If you set the ranges properly, you won't see such a large discrepancy:
% cat /tmp/rand.zsh
typeset -A random_1000 random_32767 shuf_1000 shuf_32767
n=1000
for ((i = 1; i <= n; ++i))
do
# [1, 1000]
until (((tmp = RANDOM) < 32000))
do
:
done
((tmp = tmp % 1000 + 1))
((++random_1000[$tmp[1]]))
# [0, 32767]
((tmp = RANDOM))
((++random_32767[$tmp[1]]))
done
gshuf --input-range=1-1000 --repeat --head-count=$n |
while read -r tmp
do
((++shuf_1000[$tmp[1]]))
done
gshuf --input-range=0-32767 --repeat --head-count=$n |
while read -r tmp
do
((++shuf_32767[$tmp[1]]))
done
printf ' RANDOM shuf RANDOM shuf\n'
printf 'digit 1-1000 1-1000 0-32767 0-32767\n'
for i in {0..9}
do
printf '%5d%10d%10d%10d%10d\n' \
$i \
$random_1000[$i] $shuf_1000[$i] \
$random_32767[$i] $shuf_32767[$i]
done
% ./zsh /tmp/rand.zsh
RANDOM shuf RANDOM shuf
digit 1-1000 1-1000 0-32767 0-32767
0 0 0 0 0
1 115 111 324 360
2 113 110 339 322
3 102 105 120 118
4 111 119 46 40
5 144 91 39 32
6 98 111 37 34
7 106 109 33 28
8 110 126 33 37
9 101 118 29 29
> I think i know why, it's because zsh's RANDOM tops out at 32,767, but
> this insures that the first digit of a string of random numbers isn't
> random but strongly weighted to 1 and 2, with 3 also weighted. Is this
> worth worrying about? I'd say so. Perhaps it should max out at 10,000
> or 100,000 or even offer a user selectable range?
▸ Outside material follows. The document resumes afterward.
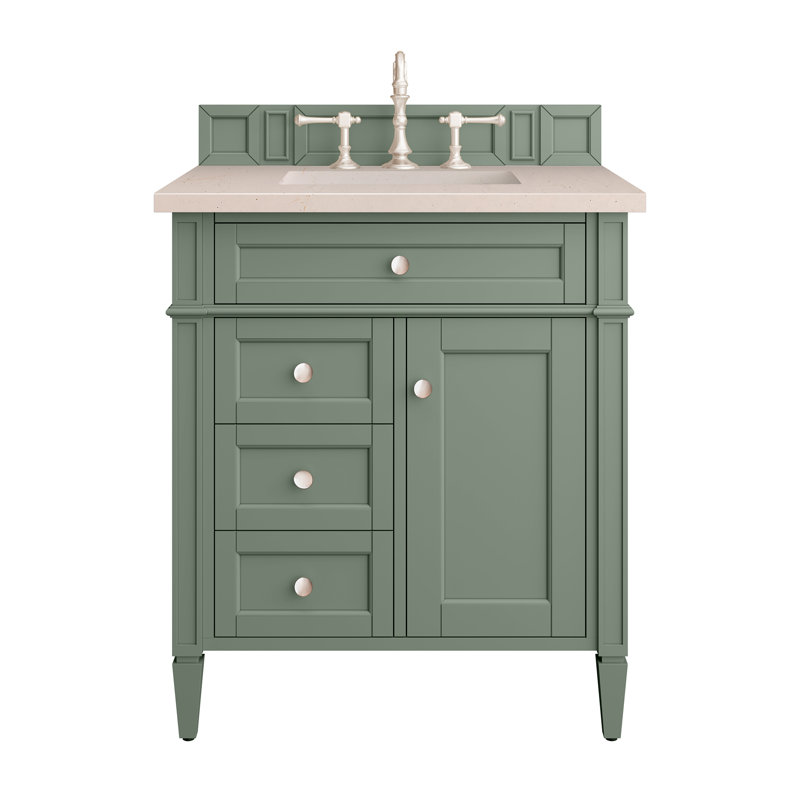 Brittany 30'' W Single Vanity, Carrara White, Smokey Celadon, 8" Widespread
It would be goofy if the shell chose the range of RANDOM just to
eliminate bias with respect to base-10 leading digits. One could
very well object that such a change would disrupt the current lack
of leading-digit bias for base-8 representations.
A user who generates and uses random numbers needs to account for
bias. This is not something the generator can do for you.
> Or do we have other tricks for coping with this?
Test better.
https://blog.codinghorror.com/the-danger-of-naivete/
> I find zsh to be quite competent
> mathematically so having to use an external utility to get really
> random numbers seems not up to snuff.
The leading-digit bias does not mean that RANDOM is not "really
random" (although it isn't). And GNU shuf uses an internal PRG
by default, which isn't "really random" either.